From the listing below, retype exactly the line holding "IkenaOncology's tweet photo.", the line holding "Tuxedo weighted plush", and the lines between them; skip everything else.
== Segment start ==
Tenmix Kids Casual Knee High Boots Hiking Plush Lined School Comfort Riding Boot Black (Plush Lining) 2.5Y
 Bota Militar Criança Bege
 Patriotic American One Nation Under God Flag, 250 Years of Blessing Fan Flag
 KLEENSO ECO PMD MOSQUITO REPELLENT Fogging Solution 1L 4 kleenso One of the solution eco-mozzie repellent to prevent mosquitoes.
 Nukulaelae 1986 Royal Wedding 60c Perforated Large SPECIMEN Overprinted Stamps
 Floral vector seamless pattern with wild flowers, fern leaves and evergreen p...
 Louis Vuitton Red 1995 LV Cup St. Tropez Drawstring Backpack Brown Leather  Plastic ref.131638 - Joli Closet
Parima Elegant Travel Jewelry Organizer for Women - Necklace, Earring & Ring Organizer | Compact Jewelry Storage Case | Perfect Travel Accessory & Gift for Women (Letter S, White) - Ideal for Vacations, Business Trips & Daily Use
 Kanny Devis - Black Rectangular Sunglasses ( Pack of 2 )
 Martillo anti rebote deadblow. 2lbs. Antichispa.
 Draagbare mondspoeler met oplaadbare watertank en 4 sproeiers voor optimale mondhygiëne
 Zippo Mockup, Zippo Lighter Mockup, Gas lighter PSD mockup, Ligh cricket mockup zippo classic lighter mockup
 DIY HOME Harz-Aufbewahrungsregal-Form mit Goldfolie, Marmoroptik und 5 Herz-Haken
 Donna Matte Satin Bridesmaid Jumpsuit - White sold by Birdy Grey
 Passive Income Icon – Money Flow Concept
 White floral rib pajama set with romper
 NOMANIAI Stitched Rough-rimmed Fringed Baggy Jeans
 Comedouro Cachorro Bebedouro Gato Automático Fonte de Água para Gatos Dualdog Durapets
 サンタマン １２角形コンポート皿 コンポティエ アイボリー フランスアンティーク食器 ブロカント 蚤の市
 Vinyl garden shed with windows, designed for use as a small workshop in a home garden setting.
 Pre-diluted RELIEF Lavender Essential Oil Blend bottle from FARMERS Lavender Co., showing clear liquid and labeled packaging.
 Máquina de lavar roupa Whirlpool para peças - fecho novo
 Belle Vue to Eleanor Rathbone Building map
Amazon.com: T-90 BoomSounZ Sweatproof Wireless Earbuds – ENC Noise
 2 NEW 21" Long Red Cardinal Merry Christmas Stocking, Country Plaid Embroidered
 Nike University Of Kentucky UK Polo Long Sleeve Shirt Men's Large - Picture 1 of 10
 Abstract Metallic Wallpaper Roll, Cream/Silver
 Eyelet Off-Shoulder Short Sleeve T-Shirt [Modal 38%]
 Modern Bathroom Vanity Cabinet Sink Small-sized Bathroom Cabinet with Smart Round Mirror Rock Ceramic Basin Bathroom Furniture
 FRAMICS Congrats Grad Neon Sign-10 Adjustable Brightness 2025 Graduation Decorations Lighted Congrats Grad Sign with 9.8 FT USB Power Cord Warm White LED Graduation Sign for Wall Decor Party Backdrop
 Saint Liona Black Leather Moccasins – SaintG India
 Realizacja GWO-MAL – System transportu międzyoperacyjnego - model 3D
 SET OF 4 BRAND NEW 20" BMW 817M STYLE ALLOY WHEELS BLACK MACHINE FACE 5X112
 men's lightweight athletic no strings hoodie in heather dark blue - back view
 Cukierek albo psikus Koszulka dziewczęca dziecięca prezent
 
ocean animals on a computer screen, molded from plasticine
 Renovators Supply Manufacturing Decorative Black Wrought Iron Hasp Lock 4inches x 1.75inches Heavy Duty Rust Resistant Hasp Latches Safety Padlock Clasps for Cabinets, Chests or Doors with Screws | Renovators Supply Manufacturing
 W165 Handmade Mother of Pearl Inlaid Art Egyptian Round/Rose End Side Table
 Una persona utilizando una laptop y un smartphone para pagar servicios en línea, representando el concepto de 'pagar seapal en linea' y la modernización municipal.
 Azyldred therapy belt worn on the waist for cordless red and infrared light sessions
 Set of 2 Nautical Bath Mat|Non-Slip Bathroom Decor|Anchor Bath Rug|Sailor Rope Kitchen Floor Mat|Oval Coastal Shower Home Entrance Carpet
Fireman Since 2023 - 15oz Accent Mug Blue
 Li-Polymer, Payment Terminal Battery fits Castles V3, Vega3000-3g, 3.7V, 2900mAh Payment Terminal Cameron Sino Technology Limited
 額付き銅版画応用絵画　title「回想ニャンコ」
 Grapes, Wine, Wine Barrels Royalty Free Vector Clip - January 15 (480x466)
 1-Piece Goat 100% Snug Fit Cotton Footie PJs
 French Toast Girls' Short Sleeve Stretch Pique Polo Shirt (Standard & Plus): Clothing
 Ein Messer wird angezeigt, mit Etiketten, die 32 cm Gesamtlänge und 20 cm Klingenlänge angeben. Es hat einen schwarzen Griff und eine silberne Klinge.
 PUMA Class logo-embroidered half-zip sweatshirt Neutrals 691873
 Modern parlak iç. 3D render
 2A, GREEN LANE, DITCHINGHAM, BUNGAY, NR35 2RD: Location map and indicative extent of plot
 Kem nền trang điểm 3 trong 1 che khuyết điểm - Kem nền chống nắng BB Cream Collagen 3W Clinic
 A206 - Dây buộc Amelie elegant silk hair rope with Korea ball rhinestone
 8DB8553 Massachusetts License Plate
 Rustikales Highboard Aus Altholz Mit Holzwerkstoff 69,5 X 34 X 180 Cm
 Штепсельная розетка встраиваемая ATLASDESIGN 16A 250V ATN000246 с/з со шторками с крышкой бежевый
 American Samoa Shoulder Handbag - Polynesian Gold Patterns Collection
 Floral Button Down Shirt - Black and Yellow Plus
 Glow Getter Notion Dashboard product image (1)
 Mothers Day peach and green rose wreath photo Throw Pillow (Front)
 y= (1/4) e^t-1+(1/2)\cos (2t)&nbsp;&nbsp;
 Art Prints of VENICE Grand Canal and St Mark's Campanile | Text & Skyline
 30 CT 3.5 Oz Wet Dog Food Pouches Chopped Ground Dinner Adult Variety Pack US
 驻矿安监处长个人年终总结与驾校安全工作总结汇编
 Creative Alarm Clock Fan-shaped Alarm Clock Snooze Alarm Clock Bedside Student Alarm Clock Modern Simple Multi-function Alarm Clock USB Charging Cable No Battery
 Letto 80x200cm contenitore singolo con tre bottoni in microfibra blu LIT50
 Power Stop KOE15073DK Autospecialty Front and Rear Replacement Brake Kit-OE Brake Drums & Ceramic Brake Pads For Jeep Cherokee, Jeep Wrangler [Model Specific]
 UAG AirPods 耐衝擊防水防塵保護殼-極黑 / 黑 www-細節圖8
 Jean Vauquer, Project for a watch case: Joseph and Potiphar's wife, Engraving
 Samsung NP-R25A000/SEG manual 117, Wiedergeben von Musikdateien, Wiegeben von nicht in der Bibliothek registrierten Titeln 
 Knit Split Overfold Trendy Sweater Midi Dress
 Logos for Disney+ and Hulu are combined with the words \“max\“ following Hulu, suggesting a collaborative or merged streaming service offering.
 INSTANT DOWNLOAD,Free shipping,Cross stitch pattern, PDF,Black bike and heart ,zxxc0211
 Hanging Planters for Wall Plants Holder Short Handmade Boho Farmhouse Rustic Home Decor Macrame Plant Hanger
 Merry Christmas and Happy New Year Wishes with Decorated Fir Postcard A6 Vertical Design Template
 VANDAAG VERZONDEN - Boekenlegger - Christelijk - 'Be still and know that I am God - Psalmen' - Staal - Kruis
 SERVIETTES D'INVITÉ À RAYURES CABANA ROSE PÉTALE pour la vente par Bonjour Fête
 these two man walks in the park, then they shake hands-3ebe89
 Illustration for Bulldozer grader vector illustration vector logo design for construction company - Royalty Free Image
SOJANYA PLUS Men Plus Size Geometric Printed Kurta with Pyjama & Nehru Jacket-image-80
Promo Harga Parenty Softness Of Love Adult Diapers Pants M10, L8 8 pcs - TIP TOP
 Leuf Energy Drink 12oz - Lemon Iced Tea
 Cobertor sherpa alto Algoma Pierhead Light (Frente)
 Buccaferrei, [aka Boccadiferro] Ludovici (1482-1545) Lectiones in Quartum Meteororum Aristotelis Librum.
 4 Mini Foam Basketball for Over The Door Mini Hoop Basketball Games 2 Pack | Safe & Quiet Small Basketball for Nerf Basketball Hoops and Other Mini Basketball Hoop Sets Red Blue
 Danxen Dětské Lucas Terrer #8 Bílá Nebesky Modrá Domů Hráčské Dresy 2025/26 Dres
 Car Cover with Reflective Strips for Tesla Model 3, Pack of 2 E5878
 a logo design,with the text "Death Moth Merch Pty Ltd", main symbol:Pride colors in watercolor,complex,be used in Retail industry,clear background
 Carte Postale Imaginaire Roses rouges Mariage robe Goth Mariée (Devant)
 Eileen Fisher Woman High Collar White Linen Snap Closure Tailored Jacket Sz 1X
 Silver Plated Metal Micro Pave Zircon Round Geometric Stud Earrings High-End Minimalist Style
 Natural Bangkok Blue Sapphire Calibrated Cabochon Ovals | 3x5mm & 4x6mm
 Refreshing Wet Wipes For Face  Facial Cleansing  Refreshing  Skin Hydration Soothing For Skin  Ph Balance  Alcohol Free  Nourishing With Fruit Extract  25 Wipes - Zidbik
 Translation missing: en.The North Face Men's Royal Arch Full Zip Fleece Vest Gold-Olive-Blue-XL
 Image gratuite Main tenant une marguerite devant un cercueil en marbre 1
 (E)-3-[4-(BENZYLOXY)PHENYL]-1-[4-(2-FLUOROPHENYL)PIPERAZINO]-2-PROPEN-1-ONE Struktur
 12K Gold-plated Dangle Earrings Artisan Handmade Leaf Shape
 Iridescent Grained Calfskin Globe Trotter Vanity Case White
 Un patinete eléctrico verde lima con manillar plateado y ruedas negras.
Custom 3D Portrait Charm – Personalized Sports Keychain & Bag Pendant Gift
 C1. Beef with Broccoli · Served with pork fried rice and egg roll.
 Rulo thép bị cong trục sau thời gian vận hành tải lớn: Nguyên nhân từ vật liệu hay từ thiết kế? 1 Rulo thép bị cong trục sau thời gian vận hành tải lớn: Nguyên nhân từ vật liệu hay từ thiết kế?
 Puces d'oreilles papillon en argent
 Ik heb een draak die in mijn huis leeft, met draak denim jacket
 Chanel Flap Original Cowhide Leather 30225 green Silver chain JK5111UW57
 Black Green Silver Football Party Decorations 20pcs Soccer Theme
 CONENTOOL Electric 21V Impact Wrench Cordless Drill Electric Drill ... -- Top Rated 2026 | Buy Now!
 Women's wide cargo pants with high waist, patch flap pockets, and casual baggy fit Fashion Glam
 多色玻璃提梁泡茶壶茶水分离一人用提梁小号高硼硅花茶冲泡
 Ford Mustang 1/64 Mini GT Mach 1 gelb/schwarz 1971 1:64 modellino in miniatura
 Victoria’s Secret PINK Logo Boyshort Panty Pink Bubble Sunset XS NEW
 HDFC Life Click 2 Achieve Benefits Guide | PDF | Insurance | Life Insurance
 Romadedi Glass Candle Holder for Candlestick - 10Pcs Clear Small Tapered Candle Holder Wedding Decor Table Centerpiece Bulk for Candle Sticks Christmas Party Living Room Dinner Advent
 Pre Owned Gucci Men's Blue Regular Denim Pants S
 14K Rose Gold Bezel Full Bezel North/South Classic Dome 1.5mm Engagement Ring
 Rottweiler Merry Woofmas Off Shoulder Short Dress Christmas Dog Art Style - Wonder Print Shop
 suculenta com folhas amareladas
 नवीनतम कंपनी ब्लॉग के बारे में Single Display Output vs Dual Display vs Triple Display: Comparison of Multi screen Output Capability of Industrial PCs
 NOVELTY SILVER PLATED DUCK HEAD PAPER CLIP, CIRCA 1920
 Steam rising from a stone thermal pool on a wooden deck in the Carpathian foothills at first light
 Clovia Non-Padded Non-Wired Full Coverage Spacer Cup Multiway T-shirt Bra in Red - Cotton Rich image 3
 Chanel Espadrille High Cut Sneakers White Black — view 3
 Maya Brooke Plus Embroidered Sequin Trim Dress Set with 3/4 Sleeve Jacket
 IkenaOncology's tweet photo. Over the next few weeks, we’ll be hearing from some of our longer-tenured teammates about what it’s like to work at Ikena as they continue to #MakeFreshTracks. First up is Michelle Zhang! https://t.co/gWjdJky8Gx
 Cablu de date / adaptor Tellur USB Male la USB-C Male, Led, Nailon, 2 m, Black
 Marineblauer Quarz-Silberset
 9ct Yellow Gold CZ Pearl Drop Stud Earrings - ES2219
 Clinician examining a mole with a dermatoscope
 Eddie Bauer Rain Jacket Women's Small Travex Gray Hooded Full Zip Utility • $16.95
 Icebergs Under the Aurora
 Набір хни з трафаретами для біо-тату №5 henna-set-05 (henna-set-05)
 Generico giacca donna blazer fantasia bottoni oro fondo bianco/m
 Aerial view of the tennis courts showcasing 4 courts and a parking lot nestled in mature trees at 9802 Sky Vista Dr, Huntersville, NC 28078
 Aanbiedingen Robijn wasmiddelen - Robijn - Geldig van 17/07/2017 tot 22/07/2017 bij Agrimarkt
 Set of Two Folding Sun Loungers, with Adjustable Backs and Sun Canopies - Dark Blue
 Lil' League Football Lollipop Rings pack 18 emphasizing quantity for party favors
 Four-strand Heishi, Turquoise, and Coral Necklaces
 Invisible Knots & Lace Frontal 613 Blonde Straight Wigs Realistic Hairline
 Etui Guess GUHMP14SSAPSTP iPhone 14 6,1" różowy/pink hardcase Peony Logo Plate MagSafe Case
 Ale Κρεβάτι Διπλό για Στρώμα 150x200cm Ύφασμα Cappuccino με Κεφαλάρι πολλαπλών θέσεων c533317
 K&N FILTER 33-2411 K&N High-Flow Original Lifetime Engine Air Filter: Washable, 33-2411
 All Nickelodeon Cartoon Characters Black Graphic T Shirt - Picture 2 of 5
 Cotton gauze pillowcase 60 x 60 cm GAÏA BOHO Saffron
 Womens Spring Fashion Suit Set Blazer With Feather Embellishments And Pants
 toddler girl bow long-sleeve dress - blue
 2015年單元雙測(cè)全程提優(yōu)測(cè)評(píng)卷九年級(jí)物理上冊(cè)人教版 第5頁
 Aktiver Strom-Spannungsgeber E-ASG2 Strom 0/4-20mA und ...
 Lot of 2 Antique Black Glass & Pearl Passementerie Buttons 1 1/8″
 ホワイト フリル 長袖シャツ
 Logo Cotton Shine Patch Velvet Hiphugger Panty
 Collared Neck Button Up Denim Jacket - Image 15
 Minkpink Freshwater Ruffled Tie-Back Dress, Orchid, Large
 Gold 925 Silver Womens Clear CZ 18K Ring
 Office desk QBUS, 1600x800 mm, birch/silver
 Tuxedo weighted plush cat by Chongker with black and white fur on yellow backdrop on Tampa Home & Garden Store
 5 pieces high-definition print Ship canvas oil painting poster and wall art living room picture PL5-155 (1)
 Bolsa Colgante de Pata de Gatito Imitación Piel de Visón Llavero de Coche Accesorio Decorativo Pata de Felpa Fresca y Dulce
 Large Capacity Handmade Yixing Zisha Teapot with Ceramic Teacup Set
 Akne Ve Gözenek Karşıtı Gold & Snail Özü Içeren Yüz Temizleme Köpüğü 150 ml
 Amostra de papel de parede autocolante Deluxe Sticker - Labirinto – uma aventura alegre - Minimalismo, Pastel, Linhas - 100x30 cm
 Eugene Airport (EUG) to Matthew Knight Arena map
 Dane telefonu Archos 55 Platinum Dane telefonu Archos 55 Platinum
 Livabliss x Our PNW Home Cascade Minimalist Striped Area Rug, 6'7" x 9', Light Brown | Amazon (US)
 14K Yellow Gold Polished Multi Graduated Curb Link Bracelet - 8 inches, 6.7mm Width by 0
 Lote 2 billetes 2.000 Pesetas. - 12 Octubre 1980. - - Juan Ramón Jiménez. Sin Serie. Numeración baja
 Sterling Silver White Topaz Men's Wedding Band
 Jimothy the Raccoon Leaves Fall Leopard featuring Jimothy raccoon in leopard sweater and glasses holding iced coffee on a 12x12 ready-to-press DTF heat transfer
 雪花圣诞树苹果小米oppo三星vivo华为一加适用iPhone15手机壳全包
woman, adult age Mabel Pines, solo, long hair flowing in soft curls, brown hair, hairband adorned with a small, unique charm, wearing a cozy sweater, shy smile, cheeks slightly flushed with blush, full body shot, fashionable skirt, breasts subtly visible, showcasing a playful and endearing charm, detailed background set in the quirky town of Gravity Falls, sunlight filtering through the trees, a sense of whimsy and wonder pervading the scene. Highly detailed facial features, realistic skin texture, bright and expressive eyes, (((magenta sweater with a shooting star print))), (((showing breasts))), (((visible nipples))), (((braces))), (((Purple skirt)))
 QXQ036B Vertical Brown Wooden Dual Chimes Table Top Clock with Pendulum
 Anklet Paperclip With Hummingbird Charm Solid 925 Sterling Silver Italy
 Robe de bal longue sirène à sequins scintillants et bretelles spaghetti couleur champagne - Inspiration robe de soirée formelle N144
== Segment end ==
## RESULT OF THE TASK
 IkenaOncology's tweet photo. Over the next few weeks, we’ll be hearing from some of our longer-tenured teammates about what it’s like to work at Ikena as they continue to #MakeFreshTracks. First up is Michelle Zhang! https://t.co/gWjdJky8Gx
 Cablu de date / adaptor Tellur USB Male la USB-C Male, Led, Nailon, 2 m, Black
 Marineblauer Quarz-Silberset
 9ct Yellow Gold CZ Pearl Drop Stud Earrings - ES2219
 Clinician examining a mole with a dermatoscope
 Eddie Bauer Rain Jacket Women's Small Travex Gray Hooded Full Zip Utility • $16.95
 Icebergs Under the Aurora
 Набір хни з трафаретами для біо-тату №5 henna-set-05 (henna-set-05)
 Generico giacca donna blazer fantasia bottoni oro fondo bianco/m
 Aerial view of the tennis courts showcasing 4 courts and a parking lot nestled in mature trees at 9802 Sky Vista Dr, Huntersville, NC 28078
 Aanbiedingen Robijn wasmiddelen - Robijn - Geldig van 17/07/2017 tot 22/07/2017 bij Agrimarkt
 Set of Two Folding Sun Loungers, with Adjustable Backs and Sun Canopies - Dark Blue
 Lil' League Football Lollipop Rings pack 18 emphasizing quantity for party favors
 Four-strand Heishi, Turquoise, and Coral Necklaces
 Invisible Knots & Lace Frontal 613 Blonde Straight Wigs Realistic Hairline
 Etui Guess GUHMP14SSAPSTP iPhone 14 6,1" różowy/pink hardcase Peony Logo Plate MagSafe Case
 Ale Κρεβάτι Διπλό για Στρώμα 150x200cm Ύφασμα Cappuccino με Κεφαλάρι πολλαπλών θέσεων c533317
 K&N FILTER 33-2411 K&N High-Flow Original Lifetime Engine Air Filter: Washable, 33-2411
 All Nickelodeon Cartoon Characters Black Graphic T Shirt - Picture 2 of 5
 Cotton gauze pillowcase 60 x 60 cm GAÏA BOHO Saffron
 Womens Spring Fashion Suit Set Blazer With Feather Embellishments And Pants
 toddler girl bow long-sleeve dress - blue
 2015年單元雙測(cè)全程提優(yōu)測(cè)評(píng)卷九年級(jí)物理上冊(cè)人教版 第5頁
 Aktiver Strom-Spannungsgeber E-ASG2 Strom 0/4-20mA und ...
 Lot of 2 Antique Black Glass & Pearl Passementerie Buttons 1 1/8″
 ホワイト フリル 長袖シャツ
 Logo Cotton Shine Patch Velvet Hiphugger Panty
 Collared Neck Button Up Denim Jacket - Image 15
 Minkpink Freshwater Ruffled Tie-Back Dress, Orchid, Large
 Gold 925 Silver Womens Clear CZ 18K Ring
 Office desk QBUS, 1600x800 mm, birch/silver
 Tuxedo weighted plush cat by Chongker with black and white fur on yellow backdrop on Tampa Home & Garden Store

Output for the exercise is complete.